The board said the current shortfall is estimated at $105,000 and could potentially grow if drastic measures are not taken.
"Because of all those costs that took place two, three, four, five years ago, its costing the district right now," said Board President Daryl Ortega. "So now we need to work with our business manager to figure out where we cut."
"Everything is a cost in this district," said Ortega. "I don't know of anything done for free here."
Meeting with the public is part of the board's plan to bring in the community to work together in order to find a solution to shore up the budget and continue to provide for students in Questa. Two other meetings will follow before the board decides what areas of the budget to potentially cut or save. The community is encouraged to turn out and voice their opinions.
Techniques to save money, such as shutting off lights at 5 p.m. or new cuts in extracurricular activities, were discussed by the board and public. talkamong parents, teachers and the board indicated that athletics were important to the school district and the public did not want to see cuts in that department.

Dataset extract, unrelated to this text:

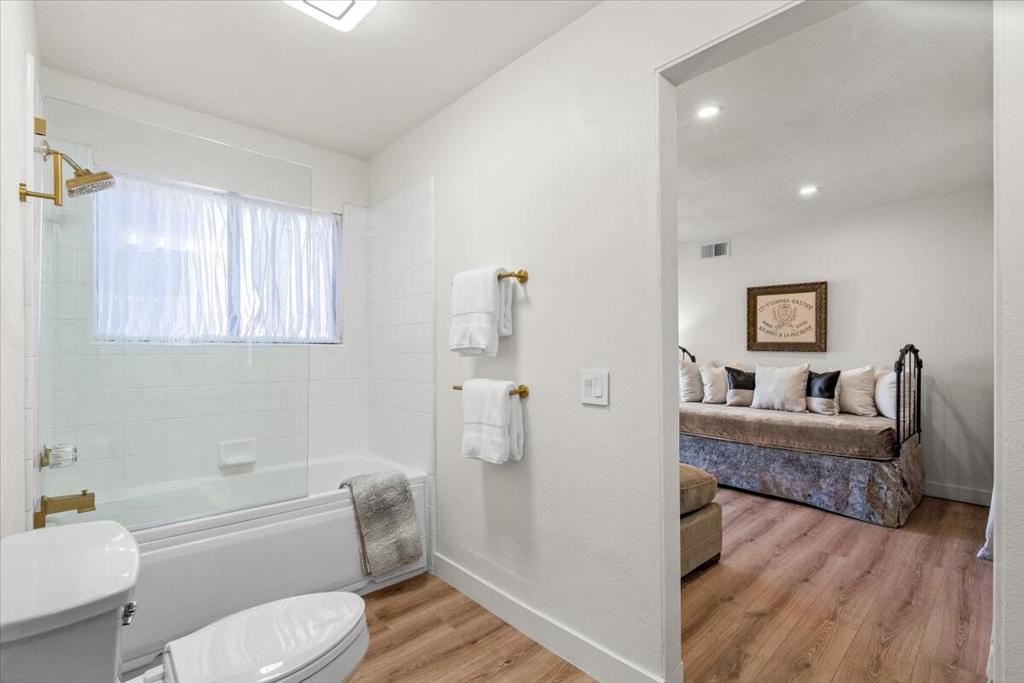 Santa Rosa Cove Coun - Residential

Another possibility to save money -- closing Río Costilla Learning Academy -- has been divisive in the past but was resurrected during Monday's discussion.
Ortega spoke about maintenance costs at all schools; he estimated the costs to be $8,000 per month at the high school alone.
QISD finds themselves in a particularly difficult situation where three out of the five schools received F grades from the New Mexico Public Education Department for the 2016-17 school year. While Río Costilla and Questa High School both scored a B grade, the board said the state would not be helping the district with the budget crisis because of the failing schools.
Grants are being looked at and all options for additional funding are being sought out by the board as they try and work through the shortfalls. Conversations turned to raised voices as parents and teachers gave ideas to the board about cutting areas in the budget. The crowd of less than 10 people advised the board to not make any cuts that would directly affect employees in contact with students.
The board will hold two other community forums on budget ideas in December and January. No actions will be taken at these workshop meetings as they are structured as a discussion forum for the public.
Ortega said the district would have to make some choices on the budget in January. The public is invited to come back to the Dec. 8 meeting with a list of departments and amenities they would like to not see cut and the board will present the public with an approximate budget to show where the district stands financially.